#### [Data segment]
.....

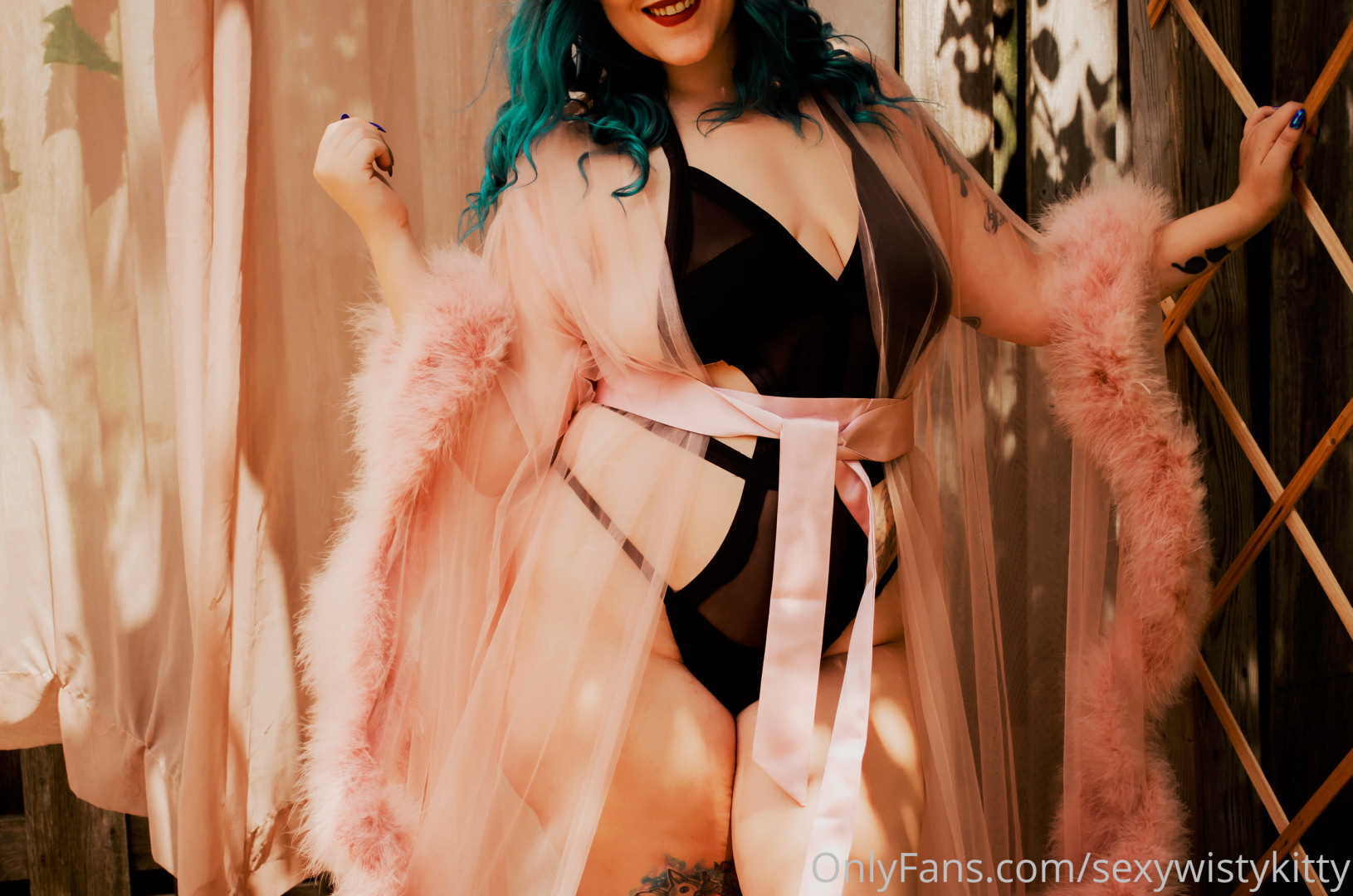 Photo by wistykitty published on May 16,2023 00:56:31 - BestThots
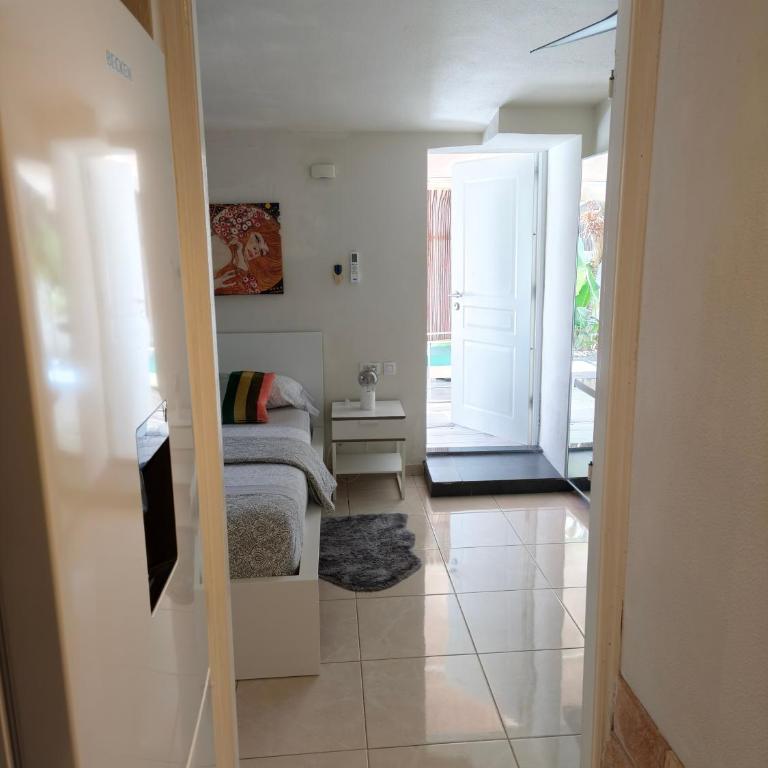 Studio 2-6 Playa del Ingles - Apartamento - 15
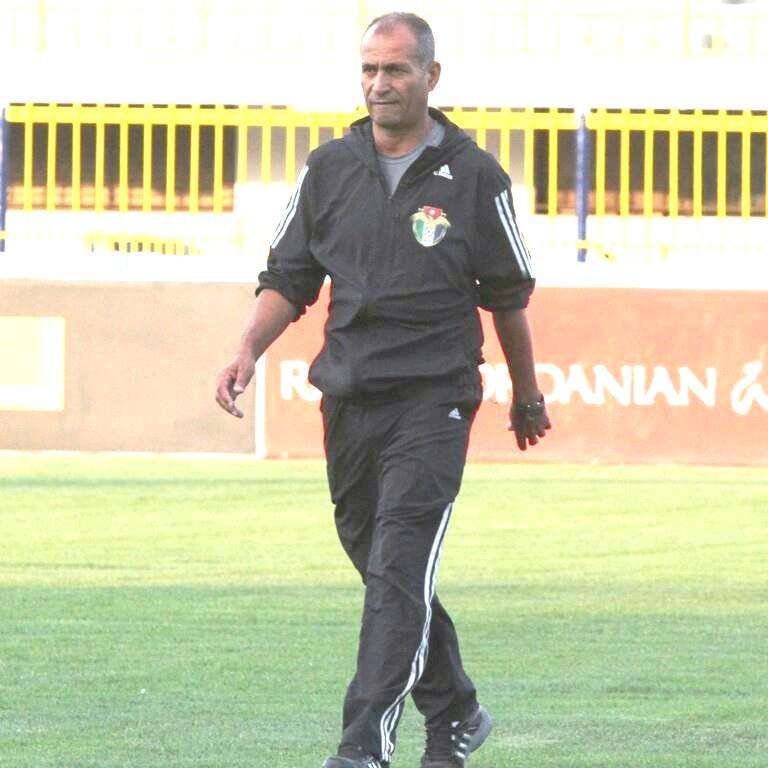 اسلام ذيابات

.....

#### [Your task]
Copy out all the data above exactly, minus the images.

#### [Solution to the problem]
 Photo by wistykitty published on May 16,2023 00:56:31 - BestThots
 Studio 2-6 Playa del Ingles - Apartamento - 15
 اسلام ذيابات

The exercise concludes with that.